Les représentants des départements et des régions , dont votre rapporteur a reçu des contributions écrites, contestent la lecture du Gouvernement, selon laquelle l'acquisition et la maintenance des matériels informatiques relèveraient de la compétence des collectivités.

Ils y voient, à l'inverse, un transfert de compétence de l'Etat vers les collectivités territoriales. Or il faut rappeler qu'en application du quatrième alinéa de l'article 72-2 de la Constitution, « tout transfert de compétences entre l'Etat et les collectivités territoriales s'accompagne de l'attribution de ressources équivalentes à celles qui étaient consacrées à leur exercice ».

C'est pourquoi, par un courrier du 11 avril dernier, Claudy Lebreton, président de l'Assemblée des départements de France, et Alain Rousset, président de l'Association des régions de France, ont interpellé le ministre de l'éducation nationale. Ils ont précisément demandé que les débats au Sénat soient l'occasion pour le Gouvernement d'intégrer au texte la compensation financière de ces transferts. On rappellera qu'en application de l'article 40 de la Constitution, cette compensation financière ne peut relever d'une initiative parlementaire.

Cette éventualité est implicitement démentie par l'étude d'impact des articles 12, 13 et 14, qui indique que « s'agissant d'une clarification des compétences juridiques entre l'Etat et les collectivités régionales 15 ( * ) , il n'est pas prévu d'impact budgétaire pour l'une ou l'autre des parties concernées ».

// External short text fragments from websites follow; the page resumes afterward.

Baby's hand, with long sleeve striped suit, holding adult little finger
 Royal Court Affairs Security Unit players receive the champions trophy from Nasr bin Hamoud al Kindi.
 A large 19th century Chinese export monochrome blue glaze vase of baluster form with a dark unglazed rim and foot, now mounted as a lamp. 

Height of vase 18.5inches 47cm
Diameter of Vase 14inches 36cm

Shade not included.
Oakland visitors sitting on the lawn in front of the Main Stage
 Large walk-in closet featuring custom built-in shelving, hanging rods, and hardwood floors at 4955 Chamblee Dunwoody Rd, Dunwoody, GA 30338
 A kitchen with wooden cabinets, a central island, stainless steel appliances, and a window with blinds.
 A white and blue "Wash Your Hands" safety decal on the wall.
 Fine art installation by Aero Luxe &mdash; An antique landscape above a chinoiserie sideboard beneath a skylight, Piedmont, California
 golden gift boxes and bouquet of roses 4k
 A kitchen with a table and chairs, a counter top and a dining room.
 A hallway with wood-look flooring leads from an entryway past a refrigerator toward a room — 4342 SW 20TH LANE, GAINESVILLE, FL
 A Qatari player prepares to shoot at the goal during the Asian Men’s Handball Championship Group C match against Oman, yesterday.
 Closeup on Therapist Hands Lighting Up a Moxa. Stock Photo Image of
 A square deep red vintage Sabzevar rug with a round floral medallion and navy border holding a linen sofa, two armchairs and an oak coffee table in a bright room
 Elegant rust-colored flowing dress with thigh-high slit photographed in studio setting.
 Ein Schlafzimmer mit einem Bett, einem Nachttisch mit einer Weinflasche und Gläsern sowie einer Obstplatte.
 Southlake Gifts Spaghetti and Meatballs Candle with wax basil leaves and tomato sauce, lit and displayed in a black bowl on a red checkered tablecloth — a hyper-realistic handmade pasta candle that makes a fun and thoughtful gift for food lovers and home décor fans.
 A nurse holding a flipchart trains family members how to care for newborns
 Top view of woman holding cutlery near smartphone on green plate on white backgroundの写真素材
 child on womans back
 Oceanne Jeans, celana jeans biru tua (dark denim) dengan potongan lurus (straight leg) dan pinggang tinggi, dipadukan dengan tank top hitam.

L'interprétation du Gouvernement, reprise dans le projet de loi, comporte encore des zones d'ombre qu'il convient de clarifier pleinement. À cet égard, la publication par le Gouvernement de l'avis du Conseil d'Etat sur le présent projet de loi, au moins sur les articles concernés, apporterait probablement des éclairages utiles.

Votre rapporteur entend interroger le Gouvernement en séance publique afin de disposer des éclaircissements nécessaires sur ces questions .


* 11 Cour des comptes, « La gestion du système éducatif », avril 2003.

* 12 Décret n°85-269 du 25 février 1985 fixant la liste des dépenses pédagogiques à la charge de l'Etat pris en application de l'article 14 de la loi n° 83-8 du 7 janvier 1983.

* 13 Section de l'Intérieur, avis n° 363 340, 25 mai 1999.

* 14 Contribution écrite adressée par l'ARF à votre rapporteur pour avis.

* 15 Le ministère de l'éducation nationale a confirmé à votre rapporteur qu'il fallait lire  collectivités « territoriales » et non « régionales ».